■ EXERCISE DATA ■
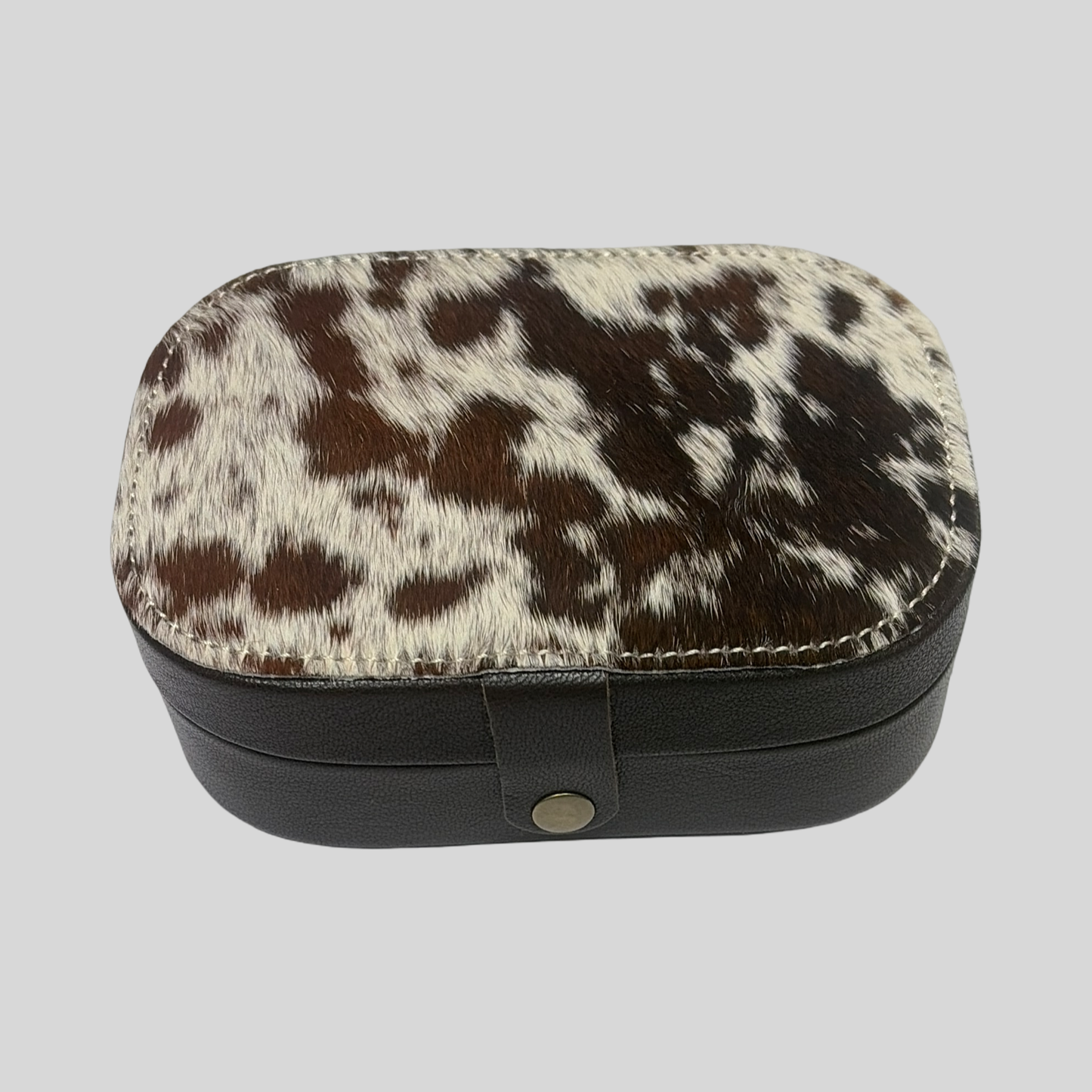 Cowhide Travel Jewellery Box Assorted Colours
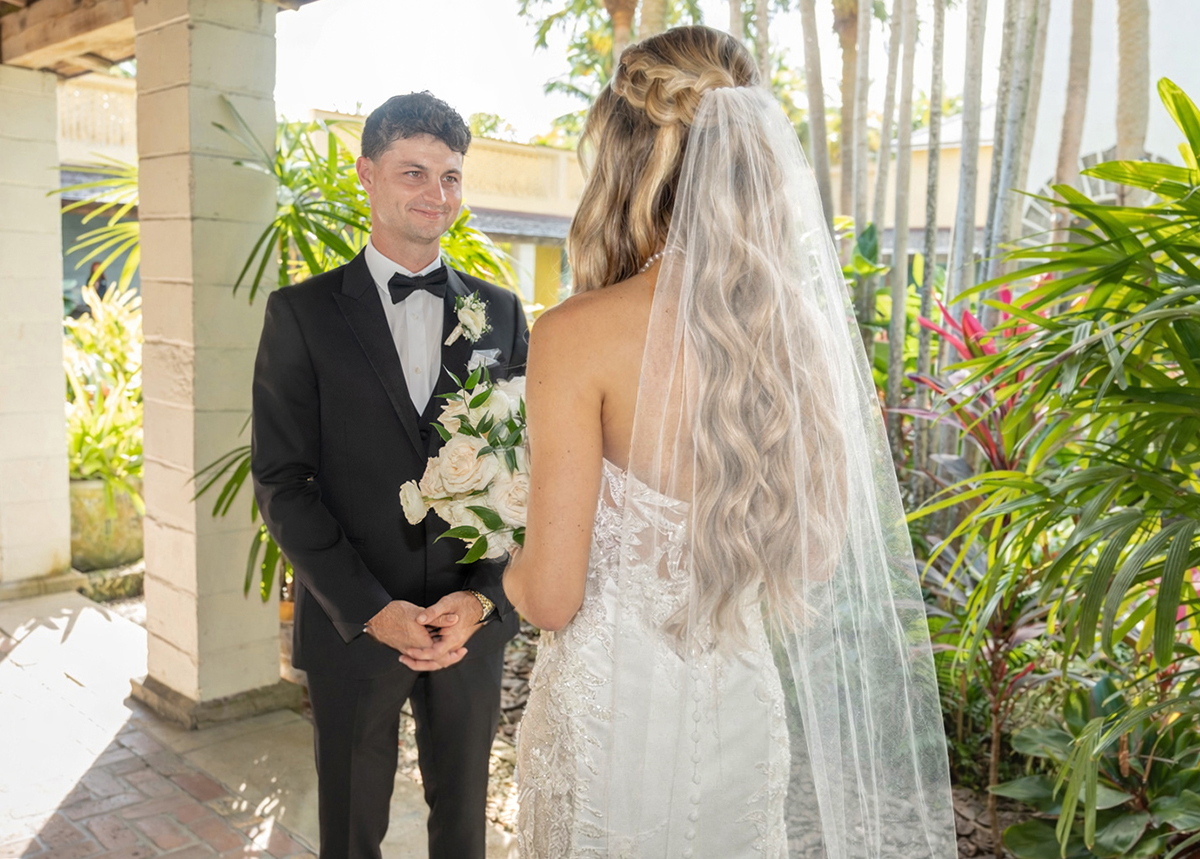 Groom’s emotional first look reaction at Bonnet House in Fort Lauderdale captured by Fort Lauderdale Wedding Photographer
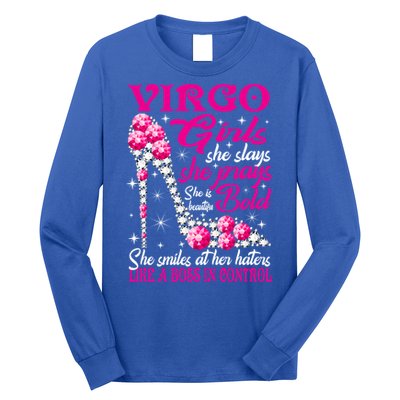 Virgo Like A Boss In Control Diamond Shoes Funny Funny Gift Meaningful Gift Long Sleeve Shirt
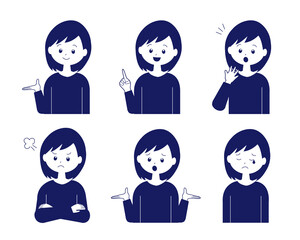 女性の色々な表情のイラスト素材セット（単色）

■ WHAT YOU NEED TO DO ■
Set down exactly the lines between the one with "Virgo Like A" and the last line of the material above, both included, but none of the pictures.

■ RESULT OF THIS EXERCISE ■
 Virgo Like A Boss In Control Diamond Shoes Funny Funny Gift Meaningful Gift Long Sleeve Shirt
 女性の色々な表情のイラスト素材セット（単色）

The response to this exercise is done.